Então ela teve uma inspiração maravilhosa: lenços. A ideia de ser capaz de oferecer a Cecilia algo ao mesmo tempo útil e apropriado a encheu de um sentimento ridiculamente parecido com alegria. Ela vasculhou a bolsa e encontrou um pequeno pacote de lenços fechado e uma garrafa d’água.
“Você parece uma escoteira”, Will lhe dissera no início do relacionamento deles, quando ela puxara uma pequena lanterna da bolsa depois que ele deixou a chave do carro cair numa rua escura, voltando do cinema a caminho de casa. “Se ficássemos presos numa ilha deserta, seríamos autossuficientes graças à bolsa de Tess”, dissera Felicity, porque, é claro, ela também estava lá naquela noite, Tess se lembrou naquele momento. Quando Felicity não estivera presente?
— Meu Deus — lamentou Cecilia. Ela se aprumou, deixou-se cair na calçada e limpou a boca com as costas da mão. — Que constrangedor.
— Aqui. — Tess estendeu-lhe os lenços. — Você está bem? Será que foi alguma coisa que você comeu, talvez?
Ela notou que as mãos de Cecilia tremiam terrivelmente e seu rosto estava branco como cera.
— Não sei. — Cecilia assoou o nariz e ergueu os olhos para Tess.
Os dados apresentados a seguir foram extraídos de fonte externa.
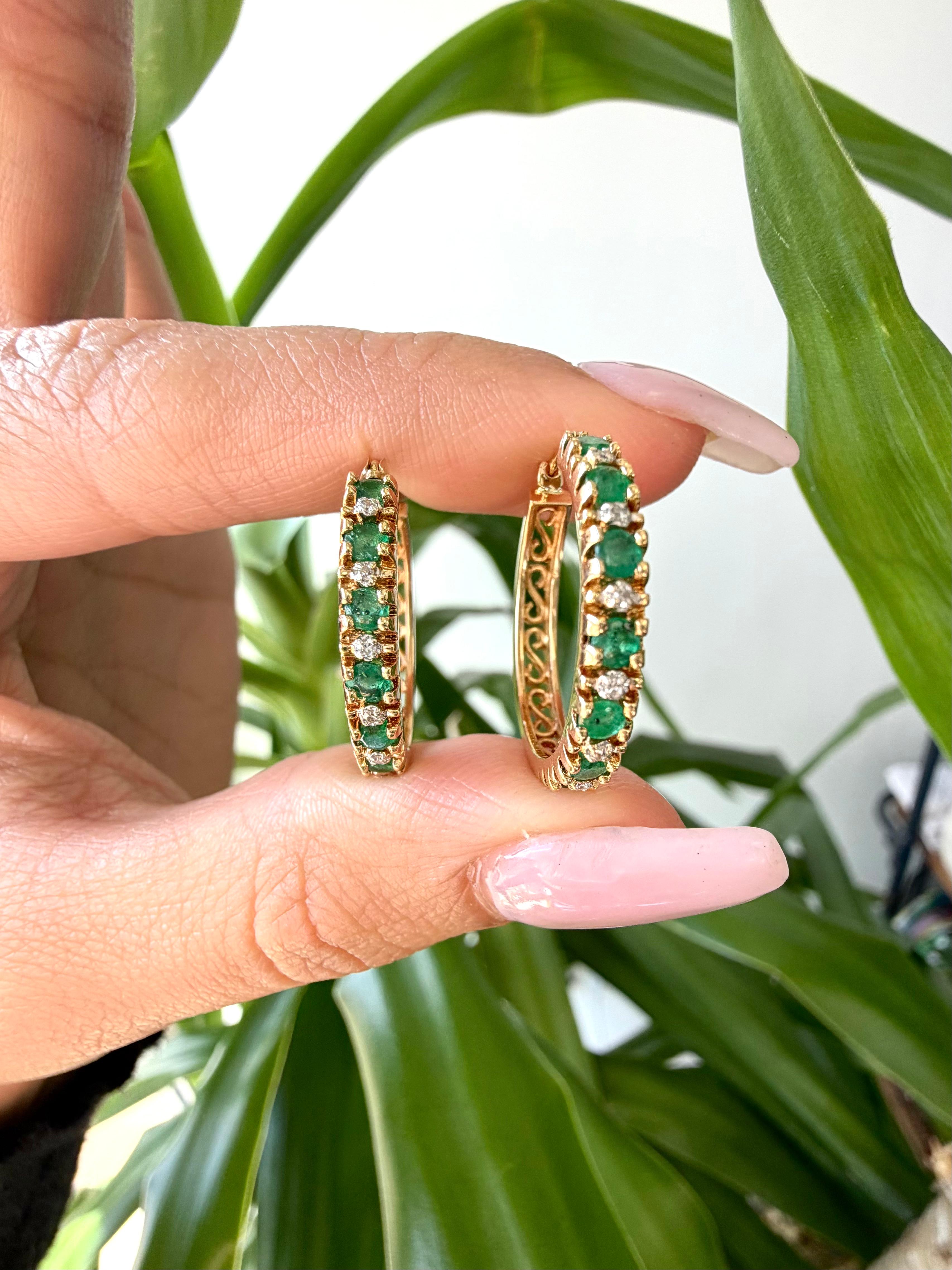 Vintage 14k Gelbgold Hoop Smaragd und runde Diamanten Ohrringe im Angebot 2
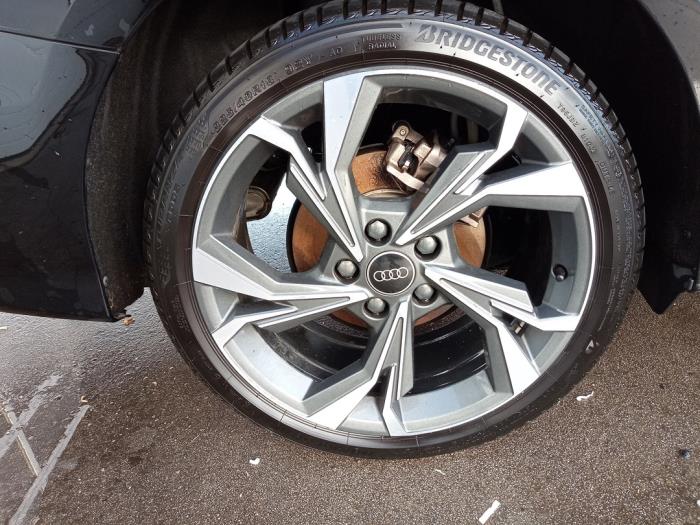 Audi A3 Limousine 1.0 30 TFSI 12V Mild Hybrid Sloopvoertuig (2024, Zwart)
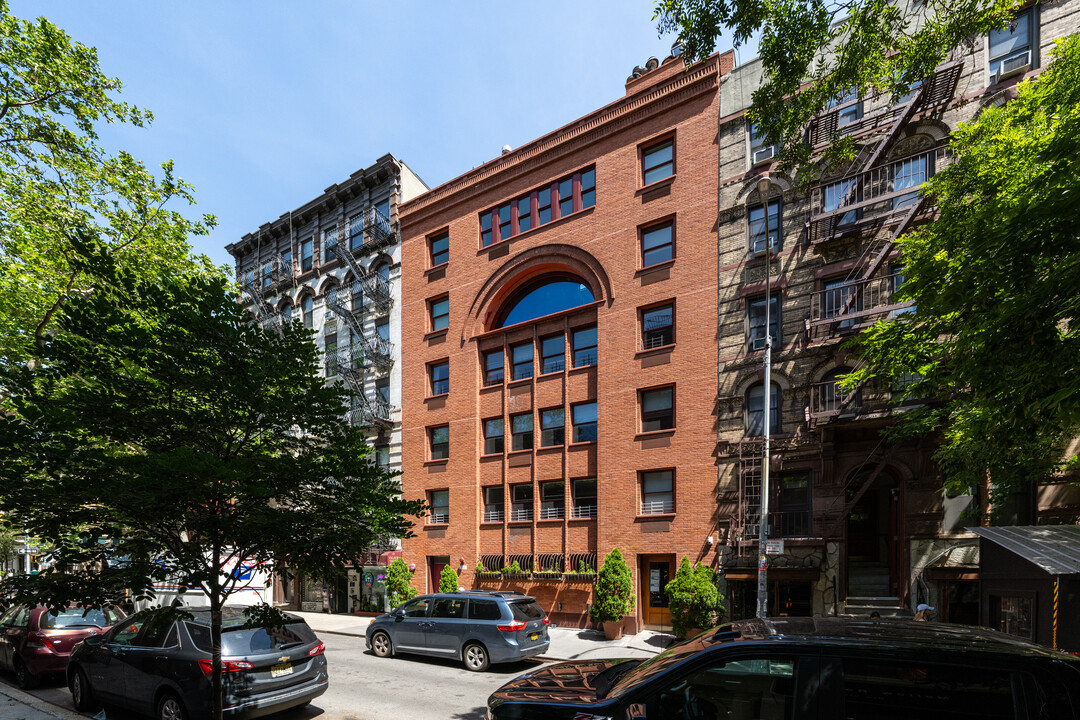 123 Sullivan St in New York, NY - Building Photo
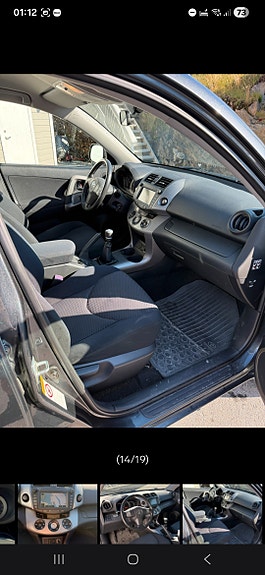 Toyota RAV4 8 of 20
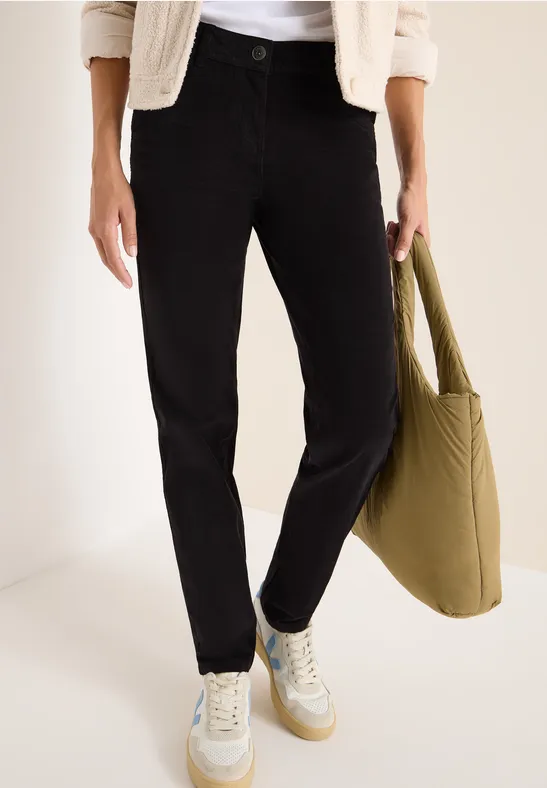 Slim-Fit Cordhose aus Feincord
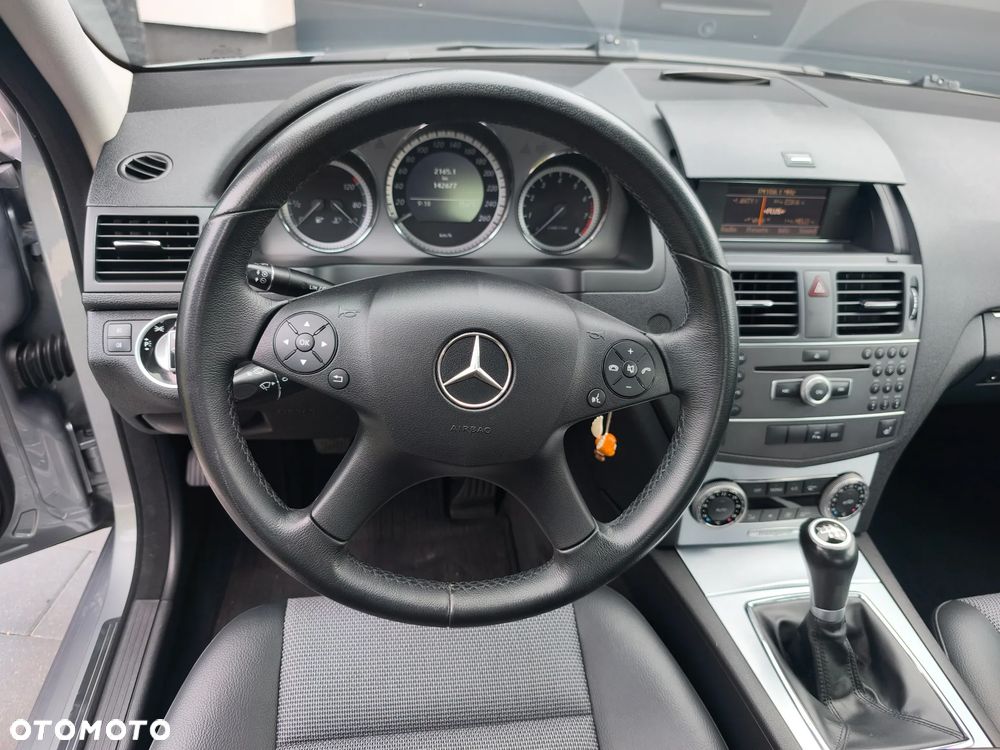 Mercedes-Benz Klasa C 180 CGI BlueEFFICIENCY Avantgarde - 25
Havia meias-luas púrpuras abaixo dos seus olhos lacrimosos, e minúsculas manchas de rímel em suas pálpebras. Sua aparência estava horrível.
— Sinto muito por isso. Você tem que ir. Deve ter um milhão de coisas para fazer.
— Na verdade, não tenho nada para fazer — disse Tess. — Nadinha mesmo. — Ela desenroscou a tampa da garrafa. — Quer um gole d’água?
— Obrigada.
Cecilia pegou a garrafa e tomou um gole. Tentou se levantar e cambaleou. Tess segurou-a pelo braço quando ela estava prestes a cair.
— Sinto muito, me desculpe. — Cecilia estava quase chorando.
— Está tudo bem. — Tess ajudou-a a se equilibrar. — Está tudo perfeitamente bem. Acho melhor eu levá-la para casa.
— Ah, não, não, é muito gentil da sua parte, mas estou bem mesmo.
— Não está, não — disse Tess. — Vou levá-la para casa. Você pode ir para a cama que eu trago os tênis da sua filha aqui para a escola.
— Não acredito que quase me esqueci de novo da droga dos tênis da Polly — resmungou Cecilia.
Ela parecia completamente horrorizada consigo mesma, como se tivesse posto a vida de Polly em risco.
— Venha — chamou Tess.
Ela pegou a chave da mão de Cecilia, que não ofereceu resistência, apontou o controle para o carro da Tupperware e apertou o botão de destravar. Estava tomada por uma estranha sensação de capacidade e determinação.
— Agradeço por isso. — Cecilia apoiou seu peso no braço de Tess, que a ajudava a se acomodar no banco do carona.
— Sem problemas — respondeu Tess, com uma voz firme e sensata que não parecia em nada a dela, fechando a porta e dando a volta para chegar no lado do motorista.
Que gentil e civilizado da sua parte!, disse Felicity em sua mente. O próximo passo é se juntar à Associação de Pais e Amigos!
Vá se ferrar, Felicity, pensou Tess e, com um movimento hábil do pulso, virou a chave de Cecilia na ignição.